В затылок мальчика прилетает бумажка, обмакнутая в чернила, и он отрывается от записок, чтобы услышать громкий смех гораздо лучше одетого парня. По лбу стекают чернильные потеки, а записи безнадежно испорчены.

— Почему они ведут себя так?

Уроки закончились, и мальчик, не успевший вернутся домой, приперт к дальней школы. Его окружает стайка сверстников и несколько парней постарше. Он загнан в угол, но еще не умеет скалиться.

— Говорят, твоя мать — шлюха, Буслаев, — он отворачивается. Его мать давно ищет мужа, и в своих блужданиях давно приобрела совершенно определенную репутацию.

Окружившая его стайка гогочет, словно услышав хорошую шутку.

— Иди к дьяволу, Мартынов, — он отвечает, но лицо стоящего перед ним подростка щерится в оскале, и его вбивает в стену пинок по ребрам. Затылок врезается в стену, и он почти теряет сознание — этот парень почти на три года старше, и гораздо сильнее.

— Что я им сделал?

В этот день Мефодий увидел изумруды в первый раз.

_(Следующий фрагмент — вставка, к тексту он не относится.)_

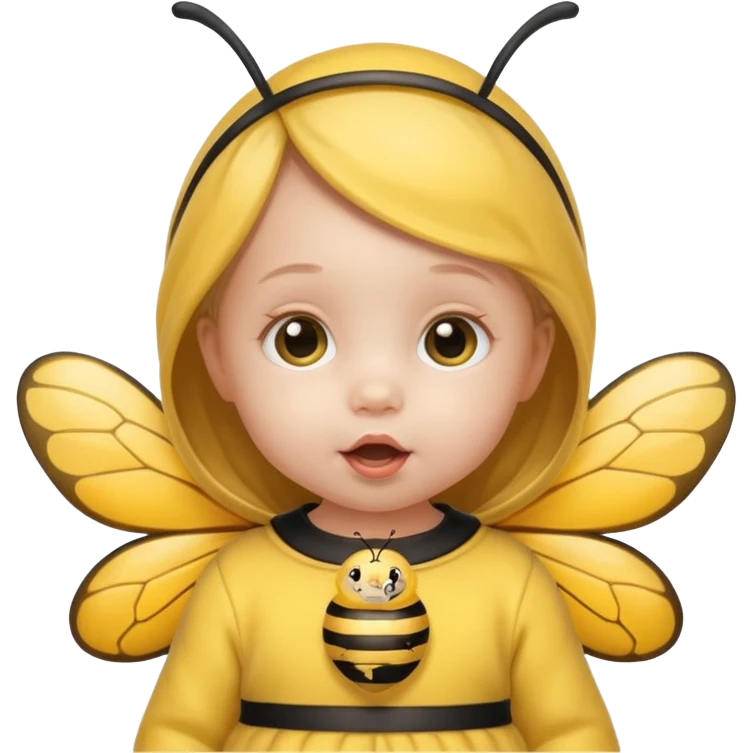 baby girl with pacifier dressed as a bee emoji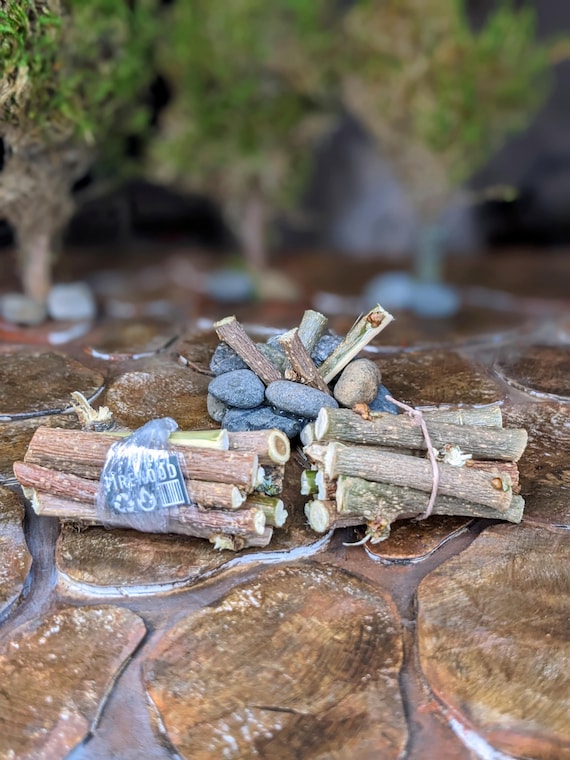 1:12 Firewood Bundle | Dollhouse Camping Supplies | Miniature Hiking Diorama | Dollhouse Firewood | Miniature Logs | Dollhouse Log Bundle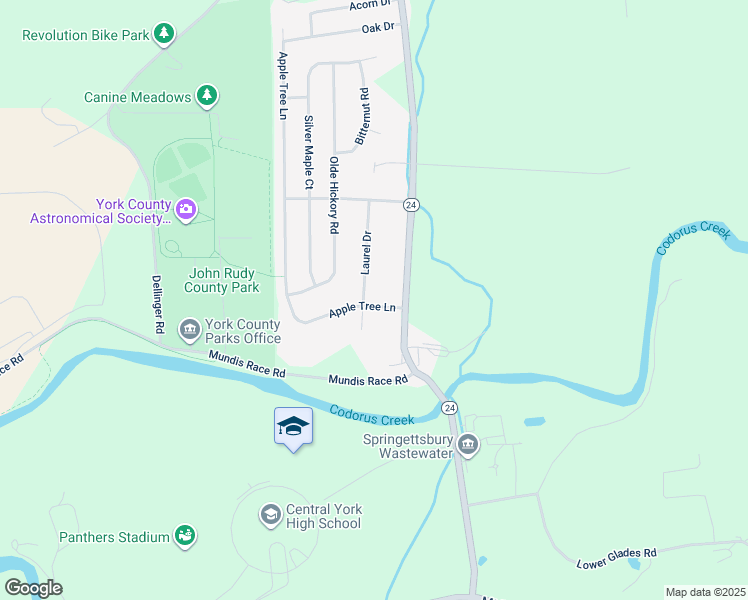 map of restaurants, bars, coffee shops, grocery stores, and more near 101 Laurel Drive in Mount Wolf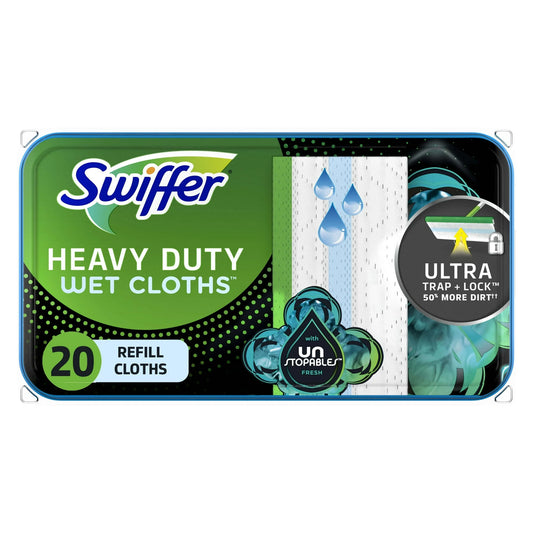Swiffer Paños Húmedos Resistentes Imparables, 20 Almohadillas de Repuesto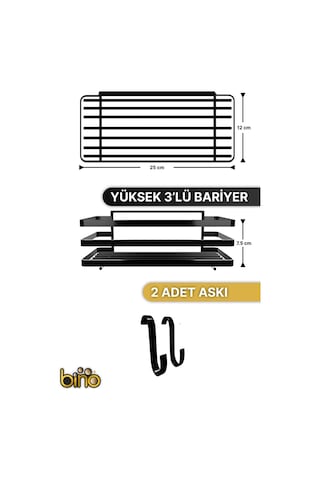 Banyo Düzenleyici Şampuanlık Sabunluk 1 Adet Lamalı Yapışkanlı 2 Askılı Duş Rafı Organizer Siyah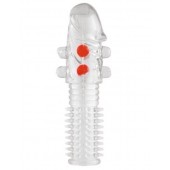 Гелевая прозрачная насадка с шариками и шипами - 14 см. - Toyfa Basic - в Архангельске купить с доставкой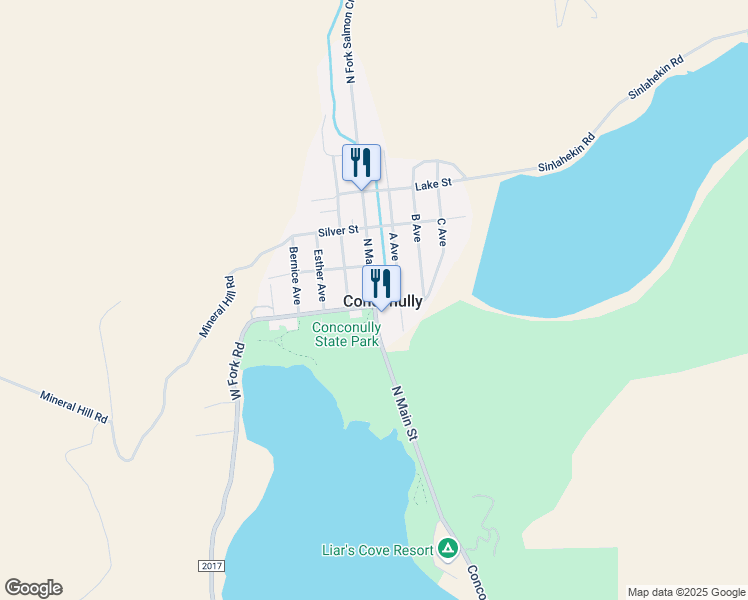 map of restaurants, bars, coffee shops, grocery stores, and more near in Conconully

Калейдоскоп сияет тысячами красок, открывая все новые и новые грани.

На улице стоит ночь. Мальчик семи лет держит в руках нож, стащенный у дяди. Тот легко помещается в рукав, и взгляды редких прохожих не замечают его. В руках у золотоволосого ребенка пакет, из которого торчат ласты — и люди проходят мимо, ведь что может быть обычнее занимающегося плаванием мальчика рядом с бассейном?

Наконец мальчик что-то замечает, и уходит во дворы, бросая пакет на скамейку. Там темно — еще темнее, чем у дороги, и только один фонарь у подъезда приносит свет. Глаза золотоволосого мальчка горят, словно изумруды.

Подросток идет домой, слегка помахивая сумкой. Всего час назад он впервые поцеловал одноклассницу, и чувствовал себя невероятным счастливым. Его день рождения наступал через три дня, и отец обещал подарить на него новый компьютер. Он почти летел, и решил пойти через дворы — ведь дорога была так хороша, а свежий ветер холодил голову.

Он не узнавал мальчика до последнего момента. До той секунды, в которую яркая боль пробила его тело, и кровь хлынула сквозь дыру в животе — четко между шестым и седьмым ребром. Руку мальчика, чьи глаза сверкали, словно изумруды, словно кто-то направлял — удар был нанесен с хирургической точностью.

Кровь тонким ручейком стекает по ножу, и испуганный резкой болью подросток падает на колени. Он не может кричать, ведь в его рот влезла чужая рука, схватив за язык и не давая сомкнуть челюсти. Вместо крика наружу выходит только всхлип. Старый, истрепанный ботинок наступает на горло, и практически вминает его в землю, давя всем весом. Судороги затихают, и с рук мальчика слетает черное пламя. Мгновение — и на дороге остается только выжженное пятно.

Зеленый сменяются голубым, и мальчик падет на землю, только начиная понимать, что именно сотворил. Он впервые слышит тихий звук флейты, приносящий в душу покой. Он снова бежит от изумрудного взгляда.

— Кто я такой?

Калейдоскоп меняется на глазах. Он сияет изумрудным и белым — в равных пропорциях. Он рвется на куски, разделяясь и сходясь снова.

Мальчик не выходит из комнаты, перестав даже есть. Он разрывается на части, его манит изумруд, но флейта восстанавливает силы. Он погружается в себя все глубже и глубже, не в силах вырваться из глубин.

Он впервые видит ее — юную девушку, только оторвавшую от губ флейту. Теплые потоки света, исходящие от нее, вымывают изумруд, принося спокойствие. Она красива — невероятно, нечеловечески красива — и это сияет во всем, от сияющих белых крыльев, до длинных волос, уложенных в хвосты, взлетающих в воздух под немыслимыми углами от малейшего дуновения ветра. Их взгляды сталкиваются, и Мефодий не находит в ней осуждения.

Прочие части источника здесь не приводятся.